### EXERCISE
In duplicating the lines below, keep every word unchanged and drop the pictures.

### TASK MATERIAL
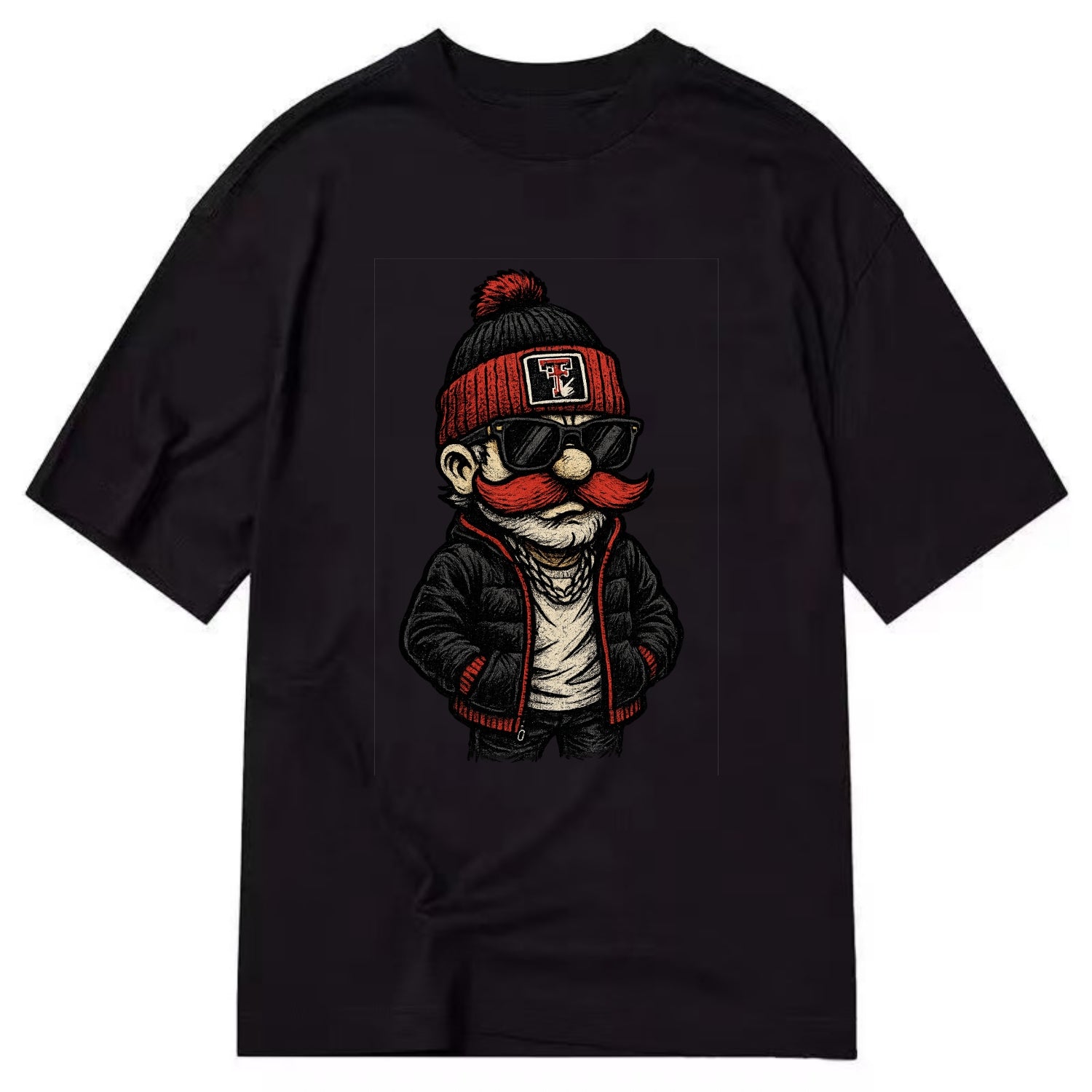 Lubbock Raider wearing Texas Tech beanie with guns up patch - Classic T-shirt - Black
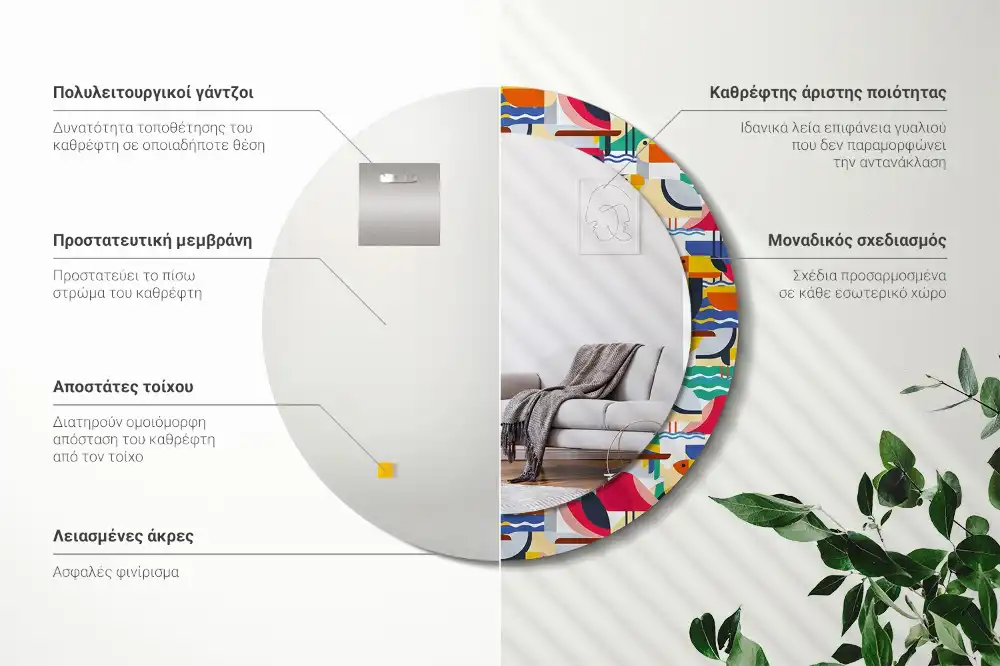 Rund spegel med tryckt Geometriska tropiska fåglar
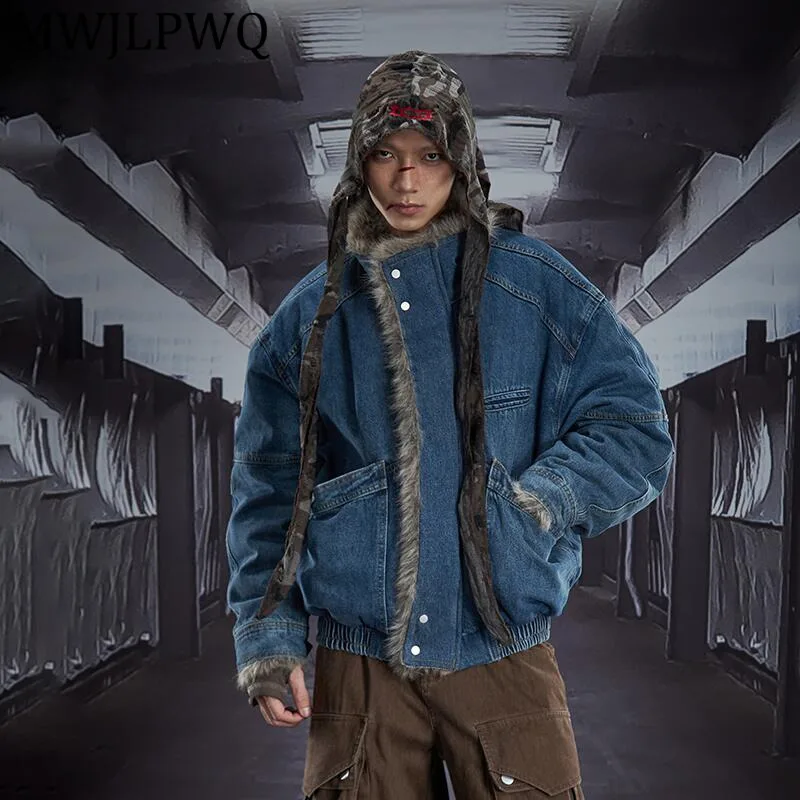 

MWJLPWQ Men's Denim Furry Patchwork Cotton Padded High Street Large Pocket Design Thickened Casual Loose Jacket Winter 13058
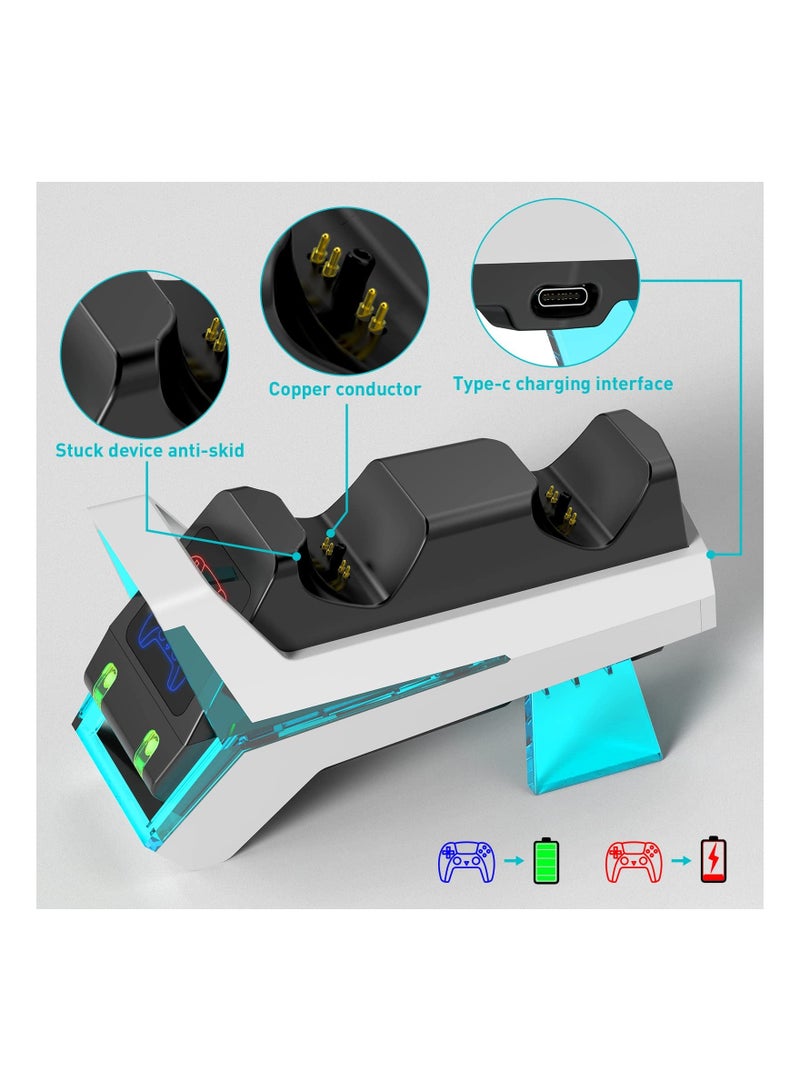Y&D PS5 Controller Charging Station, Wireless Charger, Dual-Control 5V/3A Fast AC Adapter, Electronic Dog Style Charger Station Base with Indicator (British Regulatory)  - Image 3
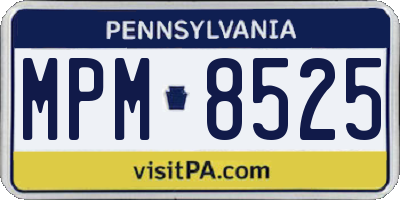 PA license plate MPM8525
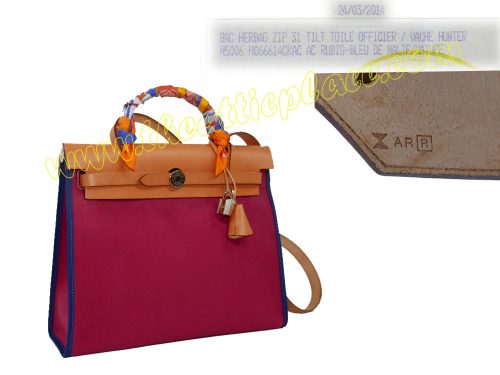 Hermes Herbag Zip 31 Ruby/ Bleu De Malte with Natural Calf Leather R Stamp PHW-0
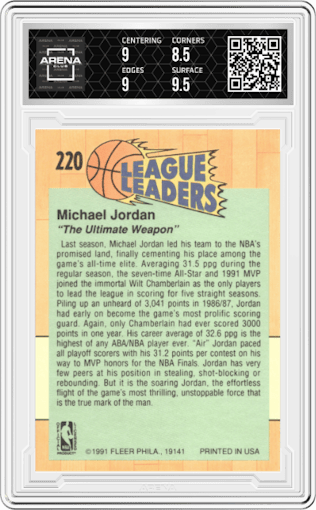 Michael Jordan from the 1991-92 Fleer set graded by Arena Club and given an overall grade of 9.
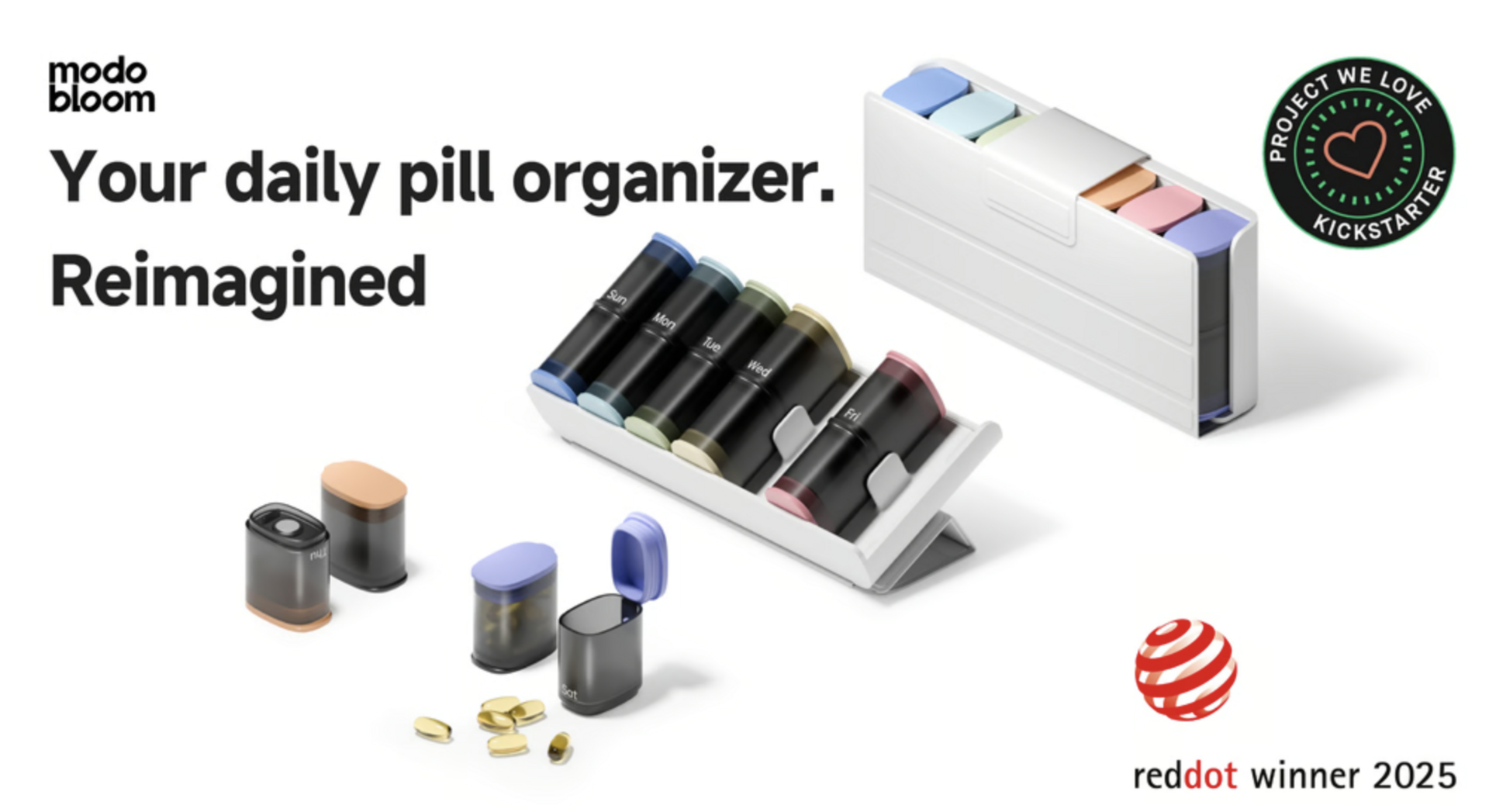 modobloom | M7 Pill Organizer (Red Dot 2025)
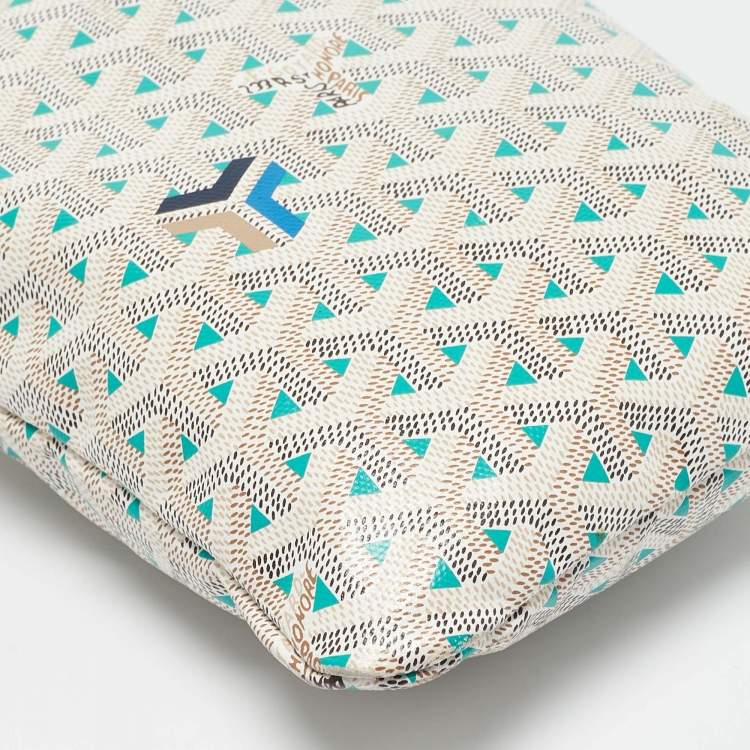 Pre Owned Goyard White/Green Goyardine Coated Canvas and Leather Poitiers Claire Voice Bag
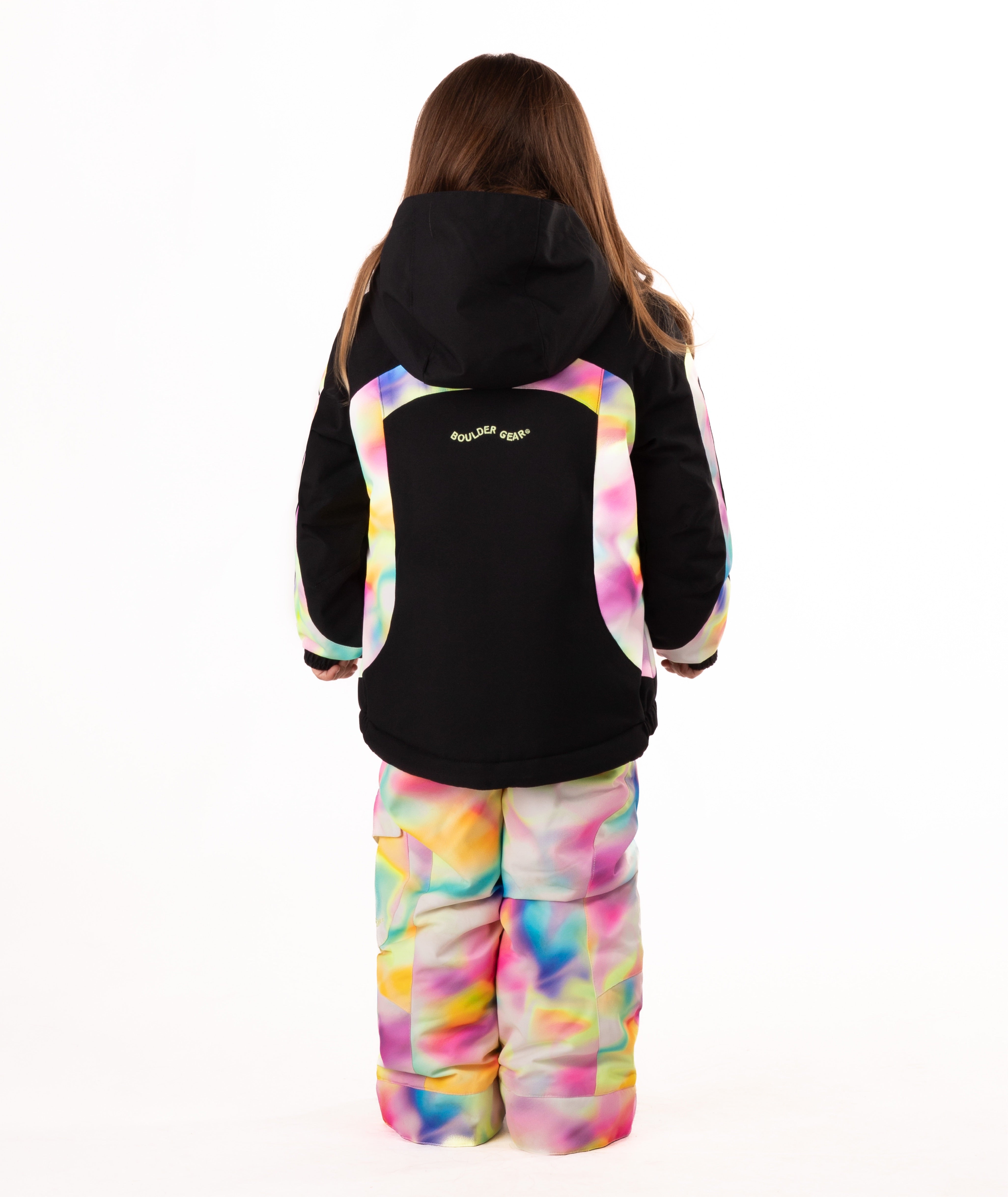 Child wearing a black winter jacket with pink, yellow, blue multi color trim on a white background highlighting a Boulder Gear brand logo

### ANSWER BOX
 Lubbock Raider wearing Texas Tech beanie with guns up patch - Classic T-shirt - Black
 Rund spegel med tryckt Geometriska tropiska fåglar

MWJLPWQ Men's Denim Furry Patchwork Cotton Padded High Street Large Pocket Design Thickened Casual Loose Jacket Winter 13058
Y&D PS5 Controller Charging Station, Wireless Charger, Dual-Control 5V/3A Fast AC Adapter, Electronic Dog Style Charger Station Base with Indicator (British Regulatory)  - Image 3
 PA license plate MPM8525
 Hermes Herbag Zip 31 Ruby/ Bleu De Malte with Natural Calf Leather R Stamp PHW-0
 Michael Jordan from the 1991-92 Fleer set graded by Arena Club and given an overall grade of 9.
 modobloom | M7 Pill Organizer (Red Dot 2025)
 Pre Owned Goyard White/Green Goyardine Coated Canvas and Leather Poitiers Claire Voice Bag
 Child wearing a black winter jacket with pink, yellow, blue multi color trim on a white background highlighting a Boulder Gear brand logo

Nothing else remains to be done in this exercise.